Enfin, le dernier chapitre « Bank employees » montre que le tertiaire n’échappe pas aux effets de la rationalisation, de la flexibilité et de la dérégulation des relations de travail. Dans une banque où les employés doivent sans cesse « chasser » les clients pour faire face à la concurrence, Manos Spyridakis décrit comment le harcèlement sur les employés est le moteur de leur productivité, de leur subordination et de leur exploitation, facilitées par des dispositifs panoptiques informatiques et spatiaux. Aussi le harcèlement semble t-il être devenu un outil de la discipline et de l’organisation postindustrielles, l’employé menacé redoublant d’effort pour préserver son emploi. Les effets de ce harcèlement sont finement décrits (mise à l’épreuve identitaire, encouragement d’un individualisme cynique, etc.), ainsi que les ajustements de chacun pour rendre supportable leur situation par des formes de résistance quotidienne.
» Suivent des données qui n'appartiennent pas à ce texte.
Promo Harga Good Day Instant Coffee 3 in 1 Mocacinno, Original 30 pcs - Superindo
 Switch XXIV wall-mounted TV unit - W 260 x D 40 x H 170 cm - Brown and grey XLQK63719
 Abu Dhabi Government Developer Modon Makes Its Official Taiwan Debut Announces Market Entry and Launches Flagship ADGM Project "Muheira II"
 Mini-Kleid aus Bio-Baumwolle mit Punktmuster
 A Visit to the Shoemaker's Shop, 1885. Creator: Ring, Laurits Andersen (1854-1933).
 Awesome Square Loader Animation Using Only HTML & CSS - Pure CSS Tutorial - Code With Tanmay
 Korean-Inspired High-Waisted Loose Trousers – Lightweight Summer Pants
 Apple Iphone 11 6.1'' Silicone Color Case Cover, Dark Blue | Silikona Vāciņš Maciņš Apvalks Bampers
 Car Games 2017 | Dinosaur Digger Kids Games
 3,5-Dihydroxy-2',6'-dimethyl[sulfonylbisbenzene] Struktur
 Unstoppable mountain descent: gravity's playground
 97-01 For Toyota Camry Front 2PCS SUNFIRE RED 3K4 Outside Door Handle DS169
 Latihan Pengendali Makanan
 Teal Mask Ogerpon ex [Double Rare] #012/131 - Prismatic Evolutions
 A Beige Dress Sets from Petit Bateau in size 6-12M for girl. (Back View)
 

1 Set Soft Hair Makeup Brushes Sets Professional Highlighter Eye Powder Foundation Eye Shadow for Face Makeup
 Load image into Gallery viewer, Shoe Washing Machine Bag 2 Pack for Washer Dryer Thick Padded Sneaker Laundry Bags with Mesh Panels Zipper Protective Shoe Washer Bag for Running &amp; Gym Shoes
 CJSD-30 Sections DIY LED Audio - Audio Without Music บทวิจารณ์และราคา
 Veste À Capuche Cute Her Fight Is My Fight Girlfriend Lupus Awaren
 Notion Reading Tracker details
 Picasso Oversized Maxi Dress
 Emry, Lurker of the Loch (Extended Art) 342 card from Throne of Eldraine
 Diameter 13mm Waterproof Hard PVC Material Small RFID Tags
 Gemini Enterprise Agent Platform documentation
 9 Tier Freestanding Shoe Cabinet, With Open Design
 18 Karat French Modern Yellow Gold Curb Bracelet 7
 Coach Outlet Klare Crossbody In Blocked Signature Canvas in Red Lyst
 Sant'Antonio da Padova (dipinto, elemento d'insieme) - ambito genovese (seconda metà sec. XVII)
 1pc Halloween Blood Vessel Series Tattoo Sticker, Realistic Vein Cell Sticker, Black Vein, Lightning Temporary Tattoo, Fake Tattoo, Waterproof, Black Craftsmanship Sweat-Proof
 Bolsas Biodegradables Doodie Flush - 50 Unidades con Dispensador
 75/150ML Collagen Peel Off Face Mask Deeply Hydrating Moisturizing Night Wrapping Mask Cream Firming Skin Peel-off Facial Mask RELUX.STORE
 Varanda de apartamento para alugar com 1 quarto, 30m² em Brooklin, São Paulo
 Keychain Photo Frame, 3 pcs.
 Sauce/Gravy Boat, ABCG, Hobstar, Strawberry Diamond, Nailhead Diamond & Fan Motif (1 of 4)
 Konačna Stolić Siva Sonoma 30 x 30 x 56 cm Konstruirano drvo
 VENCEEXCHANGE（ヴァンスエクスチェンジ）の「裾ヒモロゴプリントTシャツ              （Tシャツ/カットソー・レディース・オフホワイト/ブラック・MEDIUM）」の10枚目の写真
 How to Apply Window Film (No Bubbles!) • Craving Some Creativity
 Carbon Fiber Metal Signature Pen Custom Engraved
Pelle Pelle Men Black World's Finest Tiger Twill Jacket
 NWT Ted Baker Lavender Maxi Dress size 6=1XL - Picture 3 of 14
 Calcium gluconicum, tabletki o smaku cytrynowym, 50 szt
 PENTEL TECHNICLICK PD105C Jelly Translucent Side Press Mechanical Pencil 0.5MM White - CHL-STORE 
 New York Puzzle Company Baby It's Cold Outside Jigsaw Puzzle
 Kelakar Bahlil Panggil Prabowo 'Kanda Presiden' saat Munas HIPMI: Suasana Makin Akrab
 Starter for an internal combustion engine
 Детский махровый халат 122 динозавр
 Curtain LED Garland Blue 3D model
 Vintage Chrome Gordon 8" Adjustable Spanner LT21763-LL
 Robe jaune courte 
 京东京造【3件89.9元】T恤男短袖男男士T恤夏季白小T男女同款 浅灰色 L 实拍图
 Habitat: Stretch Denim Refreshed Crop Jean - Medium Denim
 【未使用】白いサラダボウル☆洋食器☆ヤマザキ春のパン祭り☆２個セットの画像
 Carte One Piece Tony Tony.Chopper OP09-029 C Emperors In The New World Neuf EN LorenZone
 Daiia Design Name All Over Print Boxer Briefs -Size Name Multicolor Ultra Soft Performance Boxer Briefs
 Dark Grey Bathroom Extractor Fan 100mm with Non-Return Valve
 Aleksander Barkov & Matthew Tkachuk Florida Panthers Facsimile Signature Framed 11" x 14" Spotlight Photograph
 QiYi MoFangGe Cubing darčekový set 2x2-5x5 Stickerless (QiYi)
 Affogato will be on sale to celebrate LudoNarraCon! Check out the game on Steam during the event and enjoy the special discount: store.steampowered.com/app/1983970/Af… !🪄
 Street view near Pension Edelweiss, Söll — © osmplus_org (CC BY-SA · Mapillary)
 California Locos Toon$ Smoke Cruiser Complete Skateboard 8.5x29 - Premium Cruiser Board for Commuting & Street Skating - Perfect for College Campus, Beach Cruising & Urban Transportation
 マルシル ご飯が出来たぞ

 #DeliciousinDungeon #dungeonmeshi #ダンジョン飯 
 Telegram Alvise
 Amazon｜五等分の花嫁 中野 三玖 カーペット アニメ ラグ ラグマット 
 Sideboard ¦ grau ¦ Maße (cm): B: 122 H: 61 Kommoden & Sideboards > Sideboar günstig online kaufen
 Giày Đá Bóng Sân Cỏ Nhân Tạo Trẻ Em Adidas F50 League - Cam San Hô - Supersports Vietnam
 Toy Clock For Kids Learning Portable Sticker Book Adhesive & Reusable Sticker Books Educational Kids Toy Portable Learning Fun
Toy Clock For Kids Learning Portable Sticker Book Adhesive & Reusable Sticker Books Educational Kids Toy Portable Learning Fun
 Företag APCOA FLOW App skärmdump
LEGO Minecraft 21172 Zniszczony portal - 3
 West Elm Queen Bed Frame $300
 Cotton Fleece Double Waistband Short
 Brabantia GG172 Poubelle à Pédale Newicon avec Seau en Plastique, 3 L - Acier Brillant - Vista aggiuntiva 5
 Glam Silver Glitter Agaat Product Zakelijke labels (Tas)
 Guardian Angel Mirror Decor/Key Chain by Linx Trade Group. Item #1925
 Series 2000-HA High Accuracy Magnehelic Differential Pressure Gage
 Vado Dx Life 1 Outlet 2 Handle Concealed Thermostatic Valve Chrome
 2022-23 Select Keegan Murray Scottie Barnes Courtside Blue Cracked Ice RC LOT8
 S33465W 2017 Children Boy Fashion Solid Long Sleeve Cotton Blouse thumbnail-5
Ces 3 ethnographies contribuent à une réflexion contemporaine sur le travail et le chômage dans le contexte européen. Elles réinsistent notamment sur le fait que ce sont les valeurs inhérentes à l’éthique du travail et les formes d’intégrations sociales qui lui sont liées, qui sont le plus mises à mal par les politiques néolibérales. Avec cet ouvrage, l’auteur souligne la nécessité de sans cesse rappeler les dimensions sociales, politiques, morales et culturelles du travail trop souvent omises par les économistes. Il offre une analyse détaillée, appuyée par un cadre théorique riche qui emprunte autant à l’anthropologie économique qu’aux sciences du politique. Documentée par de nombreuses comparaisons ethnographiques, elle est rythmée par de nombreux témoignages d’expériences, de trajectoires de vie, qui rappellent combien ce n’est pas seulement la production économique qui est en jeu mais bien la reproduction sociale, menacée par la condition liminale du travailleur.